普通字符（Literal Characters）是正则表达式语法中最基本的字符，可以表示任意一个字符。在正则表达式中，字符和元字符的区别在于字符在表达式中代表它们本身的值，而元字符则代表特殊的功能或语义。

举个例子，下面的代码将匹配字符串hello world中的字符o：

const pattern = /o/g;
const str = 'hello world';
const matches = str.match(pattern);
console.log(matches); // output: [ 'o', 'o' ]

在该示例中，使用正则表达式o来匹配字符串中所有的字符o。
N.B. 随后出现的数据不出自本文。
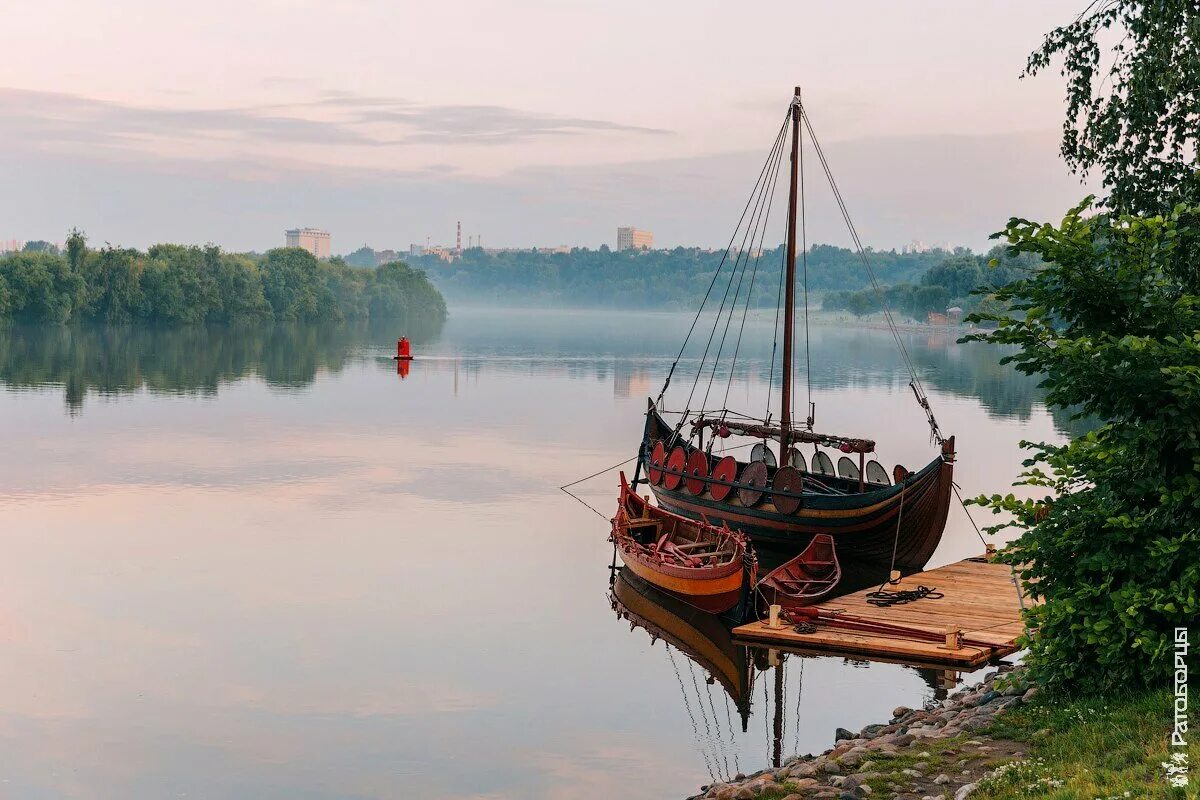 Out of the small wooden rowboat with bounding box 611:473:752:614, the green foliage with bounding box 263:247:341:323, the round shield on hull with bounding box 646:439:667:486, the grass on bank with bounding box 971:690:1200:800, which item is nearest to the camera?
the grass on bank with bounding box 971:690:1200:800

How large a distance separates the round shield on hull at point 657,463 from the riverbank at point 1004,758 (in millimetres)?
14743

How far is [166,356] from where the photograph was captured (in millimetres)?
82438

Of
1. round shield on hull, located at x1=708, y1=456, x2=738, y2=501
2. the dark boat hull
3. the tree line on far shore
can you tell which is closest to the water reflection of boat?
round shield on hull, located at x1=708, y1=456, x2=738, y2=501

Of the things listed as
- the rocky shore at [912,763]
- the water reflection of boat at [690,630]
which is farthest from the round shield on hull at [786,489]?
the rocky shore at [912,763]

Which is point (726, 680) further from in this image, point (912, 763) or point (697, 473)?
point (697, 473)

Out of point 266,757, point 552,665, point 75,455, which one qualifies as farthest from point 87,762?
point 75,455

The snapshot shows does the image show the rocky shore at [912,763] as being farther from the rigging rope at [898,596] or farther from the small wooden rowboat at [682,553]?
the small wooden rowboat at [682,553]

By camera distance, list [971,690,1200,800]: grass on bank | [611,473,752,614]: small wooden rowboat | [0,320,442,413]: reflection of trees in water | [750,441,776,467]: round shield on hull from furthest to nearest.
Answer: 1. [0,320,442,413]: reflection of trees in water
2. [750,441,776,467]: round shield on hull
3. [611,473,752,614]: small wooden rowboat
4. [971,690,1200,800]: grass on bank

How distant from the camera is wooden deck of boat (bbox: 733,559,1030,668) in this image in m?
18.2

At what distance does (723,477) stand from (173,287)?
3933 inches

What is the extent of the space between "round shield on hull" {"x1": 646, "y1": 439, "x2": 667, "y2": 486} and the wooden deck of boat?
819cm

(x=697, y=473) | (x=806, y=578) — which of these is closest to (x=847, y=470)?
(x=697, y=473)

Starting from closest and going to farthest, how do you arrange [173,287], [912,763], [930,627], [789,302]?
1. [912,763]
2. [930,627]
3. [789,302]
4. [173,287]

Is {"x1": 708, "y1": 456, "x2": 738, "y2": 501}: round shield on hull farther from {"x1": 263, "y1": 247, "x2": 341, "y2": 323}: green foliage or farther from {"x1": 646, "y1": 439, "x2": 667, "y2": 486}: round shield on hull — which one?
{"x1": 263, "y1": 247, "x2": 341, "y2": 323}: green foliage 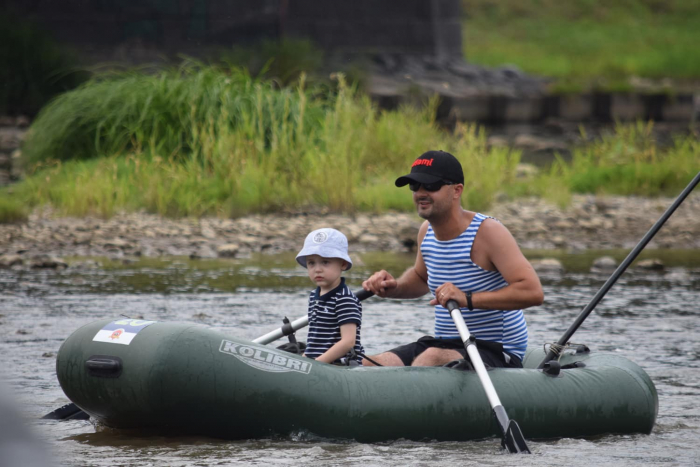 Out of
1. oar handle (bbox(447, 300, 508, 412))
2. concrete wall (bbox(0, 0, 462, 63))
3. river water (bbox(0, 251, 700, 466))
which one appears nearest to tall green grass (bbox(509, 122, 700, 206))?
river water (bbox(0, 251, 700, 466))

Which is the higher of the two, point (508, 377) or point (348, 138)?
point (348, 138)

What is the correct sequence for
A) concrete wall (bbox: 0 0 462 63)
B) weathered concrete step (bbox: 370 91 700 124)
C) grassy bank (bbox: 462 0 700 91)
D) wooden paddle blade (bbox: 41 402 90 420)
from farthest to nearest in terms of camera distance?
grassy bank (bbox: 462 0 700 91) → weathered concrete step (bbox: 370 91 700 124) → concrete wall (bbox: 0 0 462 63) → wooden paddle blade (bbox: 41 402 90 420)

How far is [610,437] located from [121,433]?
2022mm

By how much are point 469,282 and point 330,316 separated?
1.94ft

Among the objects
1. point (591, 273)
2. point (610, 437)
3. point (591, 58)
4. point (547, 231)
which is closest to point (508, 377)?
point (610, 437)

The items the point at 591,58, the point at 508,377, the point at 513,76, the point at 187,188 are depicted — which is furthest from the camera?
the point at 591,58

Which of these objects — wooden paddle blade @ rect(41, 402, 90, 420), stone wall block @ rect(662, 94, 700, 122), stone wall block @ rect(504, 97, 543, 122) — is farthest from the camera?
stone wall block @ rect(662, 94, 700, 122)

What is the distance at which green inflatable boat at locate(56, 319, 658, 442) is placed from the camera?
13.7ft

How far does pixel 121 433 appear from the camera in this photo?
15.0ft

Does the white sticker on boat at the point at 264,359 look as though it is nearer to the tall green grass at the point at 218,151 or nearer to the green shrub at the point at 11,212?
the tall green grass at the point at 218,151

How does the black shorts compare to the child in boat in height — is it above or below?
below

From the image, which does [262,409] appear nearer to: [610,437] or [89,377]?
[89,377]

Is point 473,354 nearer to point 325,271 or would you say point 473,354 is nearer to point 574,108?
point 325,271

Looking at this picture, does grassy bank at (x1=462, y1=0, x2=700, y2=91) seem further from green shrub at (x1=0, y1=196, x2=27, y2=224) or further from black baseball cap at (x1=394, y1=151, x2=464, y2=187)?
black baseball cap at (x1=394, y1=151, x2=464, y2=187) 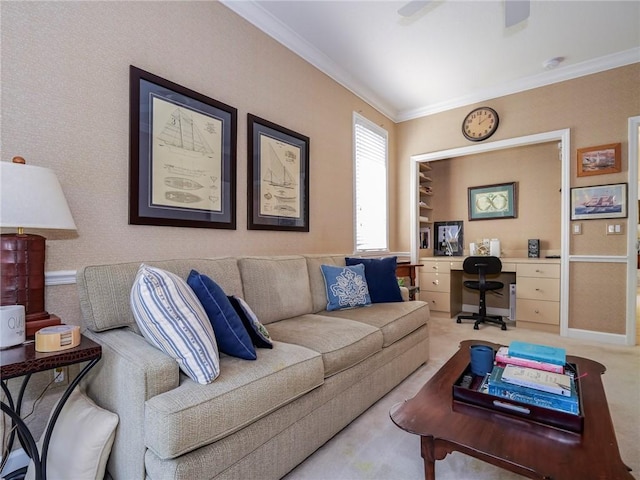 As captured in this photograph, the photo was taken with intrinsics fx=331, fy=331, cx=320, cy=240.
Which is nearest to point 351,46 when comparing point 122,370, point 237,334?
point 237,334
使用g标记表示全局匹配。

特殊字符

特殊字符（Special Characters）是正则表达式语法中具有特殊含义或功能的字符。它们包括特殊字符组、取反字符组、范围字符组、量词、定位符、转义符等。

特殊字符组

特殊字符组（Special Character Classes）用于匹配特定类别的字符，包括单词字符、空白字符、数字字符、符号字符等。特殊字符组的常见形式如下：

\d：匹配一个数字字符。
\w：匹配一个单词字符（字母、数字、下划线）。
\s：匹配一个空白字符（包括空格、制表符、换行符等）。
.：匹配任意一个字符。

举个例子，下面的代码将匹配字符串hello world中的数字字符和空格字符：

const pattern = /[\d\s]/g;
const str = 'hello world 123';
const matches = str.match(pattern);
console.log(matches); // output: [ ' ', '1', '2', '3' ]
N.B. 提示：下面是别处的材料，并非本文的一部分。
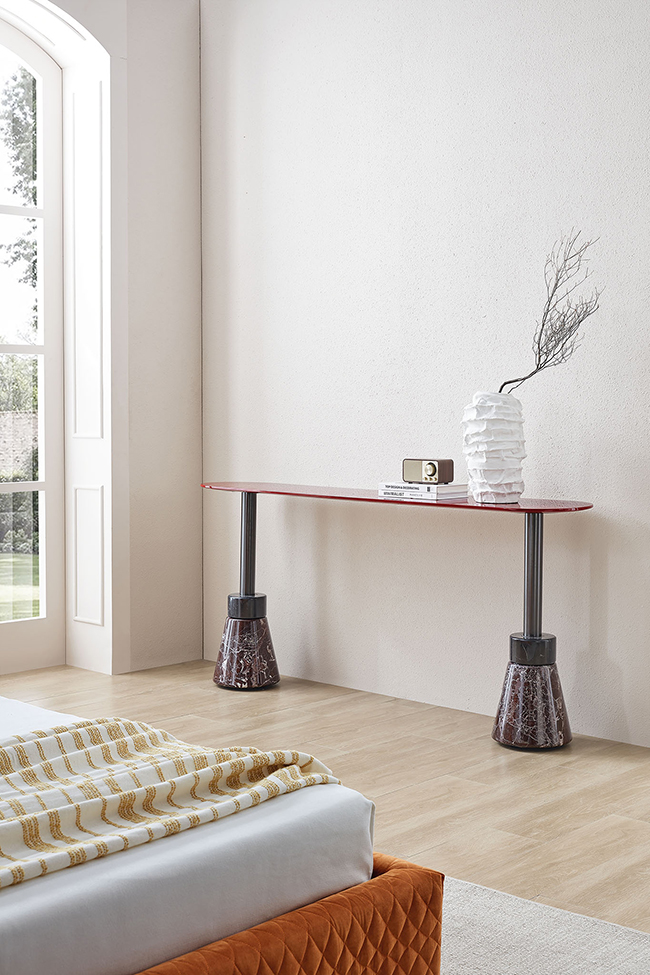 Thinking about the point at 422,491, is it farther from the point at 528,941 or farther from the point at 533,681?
the point at 528,941

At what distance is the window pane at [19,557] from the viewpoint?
4617 mm

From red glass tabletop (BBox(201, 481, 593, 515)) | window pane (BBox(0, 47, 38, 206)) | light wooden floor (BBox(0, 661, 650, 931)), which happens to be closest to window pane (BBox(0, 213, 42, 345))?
window pane (BBox(0, 47, 38, 206))

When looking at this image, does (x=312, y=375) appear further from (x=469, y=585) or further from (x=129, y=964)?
(x=129, y=964)

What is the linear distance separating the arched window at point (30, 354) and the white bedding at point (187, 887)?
312 cm

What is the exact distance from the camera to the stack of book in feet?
11.9

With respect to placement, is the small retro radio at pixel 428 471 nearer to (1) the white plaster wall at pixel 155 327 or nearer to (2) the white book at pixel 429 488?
(2) the white book at pixel 429 488

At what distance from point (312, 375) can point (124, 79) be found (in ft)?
4.75

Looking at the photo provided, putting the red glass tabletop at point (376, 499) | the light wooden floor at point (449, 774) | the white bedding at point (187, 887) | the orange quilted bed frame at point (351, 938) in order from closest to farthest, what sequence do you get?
the white bedding at point (187, 887) < the orange quilted bed frame at point (351, 938) < the light wooden floor at point (449, 774) < the red glass tabletop at point (376, 499)

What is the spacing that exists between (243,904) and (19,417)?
11.1 feet

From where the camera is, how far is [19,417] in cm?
466

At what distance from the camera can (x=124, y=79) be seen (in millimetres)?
4578

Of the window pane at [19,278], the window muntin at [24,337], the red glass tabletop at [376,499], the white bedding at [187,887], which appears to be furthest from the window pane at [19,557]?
the white bedding at [187,887]

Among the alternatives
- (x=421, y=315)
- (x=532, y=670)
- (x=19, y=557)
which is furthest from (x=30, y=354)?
(x=532, y=670)

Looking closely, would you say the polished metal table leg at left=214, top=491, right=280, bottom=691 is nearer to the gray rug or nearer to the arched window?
the arched window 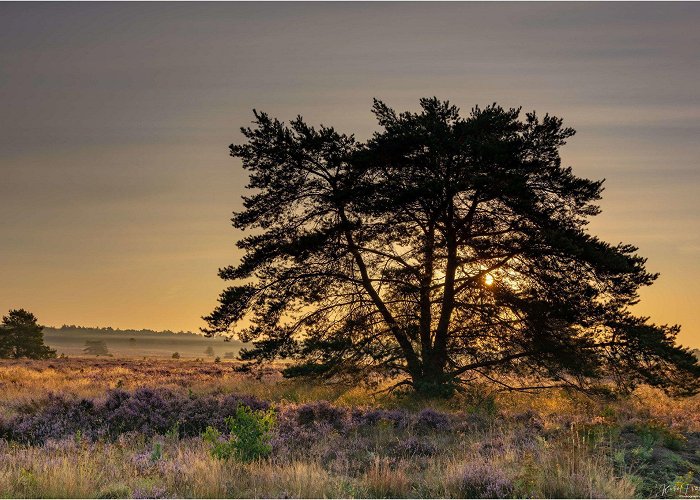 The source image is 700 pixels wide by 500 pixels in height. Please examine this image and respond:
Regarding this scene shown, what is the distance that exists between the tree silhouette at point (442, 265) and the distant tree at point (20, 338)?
43585 millimetres

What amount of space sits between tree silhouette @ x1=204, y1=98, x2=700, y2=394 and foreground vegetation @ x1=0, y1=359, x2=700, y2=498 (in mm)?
1294

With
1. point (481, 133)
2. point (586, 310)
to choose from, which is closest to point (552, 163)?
point (481, 133)

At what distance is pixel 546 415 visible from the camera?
55.0 ft

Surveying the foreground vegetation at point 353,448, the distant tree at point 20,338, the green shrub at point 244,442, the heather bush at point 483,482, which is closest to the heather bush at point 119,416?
the foreground vegetation at point 353,448

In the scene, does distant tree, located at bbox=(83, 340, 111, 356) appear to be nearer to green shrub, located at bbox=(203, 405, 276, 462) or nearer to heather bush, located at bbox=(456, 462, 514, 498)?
green shrub, located at bbox=(203, 405, 276, 462)

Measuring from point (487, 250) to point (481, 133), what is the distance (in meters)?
3.41

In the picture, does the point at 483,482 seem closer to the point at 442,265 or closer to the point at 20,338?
the point at 442,265

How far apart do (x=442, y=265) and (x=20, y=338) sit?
48.8 metres

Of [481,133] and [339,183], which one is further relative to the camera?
[339,183]

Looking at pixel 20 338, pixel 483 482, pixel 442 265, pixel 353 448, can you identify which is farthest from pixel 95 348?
pixel 483 482

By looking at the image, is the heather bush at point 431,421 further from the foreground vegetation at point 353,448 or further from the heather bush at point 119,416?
the heather bush at point 119,416

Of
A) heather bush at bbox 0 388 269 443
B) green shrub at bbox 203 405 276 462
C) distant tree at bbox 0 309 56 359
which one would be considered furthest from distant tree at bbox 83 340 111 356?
green shrub at bbox 203 405 276 462

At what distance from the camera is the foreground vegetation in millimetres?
8938

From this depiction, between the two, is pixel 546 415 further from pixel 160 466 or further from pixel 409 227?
pixel 160 466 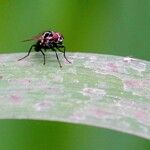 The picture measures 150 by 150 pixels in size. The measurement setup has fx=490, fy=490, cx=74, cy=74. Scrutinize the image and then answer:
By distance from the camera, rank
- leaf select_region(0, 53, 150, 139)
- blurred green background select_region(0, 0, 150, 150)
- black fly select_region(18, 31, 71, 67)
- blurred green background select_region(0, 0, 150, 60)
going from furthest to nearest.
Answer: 1. black fly select_region(18, 31, 71, 67)
2. blurred green background select_region(0, 0, 150, 60)
3. blurred green background select_region(0, 0, 150, 150)
4. leaf select_region(0, 53, 150, 139)

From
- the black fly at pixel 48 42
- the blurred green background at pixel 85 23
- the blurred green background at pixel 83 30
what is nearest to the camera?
the blurred green background at pixel 83 30

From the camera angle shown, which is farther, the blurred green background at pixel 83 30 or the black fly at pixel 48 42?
the black fly at pixel 48 42

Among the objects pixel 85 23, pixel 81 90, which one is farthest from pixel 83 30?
pixel 81 90

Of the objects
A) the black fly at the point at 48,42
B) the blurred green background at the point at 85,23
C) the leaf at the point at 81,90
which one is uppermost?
the blurred green background at the point at 85,23

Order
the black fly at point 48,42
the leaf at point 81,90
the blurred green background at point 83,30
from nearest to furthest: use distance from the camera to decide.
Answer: the leaf at point 81,90, the blurred green background at point 83,30, the black fly at point 48,42

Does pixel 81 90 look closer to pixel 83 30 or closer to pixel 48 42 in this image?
pixel 83 30

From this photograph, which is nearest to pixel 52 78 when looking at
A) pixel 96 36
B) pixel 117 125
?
pixel 96 36

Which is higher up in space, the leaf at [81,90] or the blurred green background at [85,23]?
the blurred green background at [85,23]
在该示例中，使用正则表达式[\d\s]来匹配字符串中所有的数字字符和空格字符。使用g标记表示全局匹配。

取反字符组

取反字符组（Negated Character Classes）用于匹配除指定字符组以外的任意字符。取反字符组的形式是在字符组前加一个^符号。举个例子，下面的代码将匹配字符串hello world中除了单词字符以外的任意字符：

const pattern = /[^\/w]/g;
const str = 'hello world 123_%';
const matches = str.match(pattern);
console.log(matches); // output: [ ' ', ' ', '1', '2', '3', '_', '%']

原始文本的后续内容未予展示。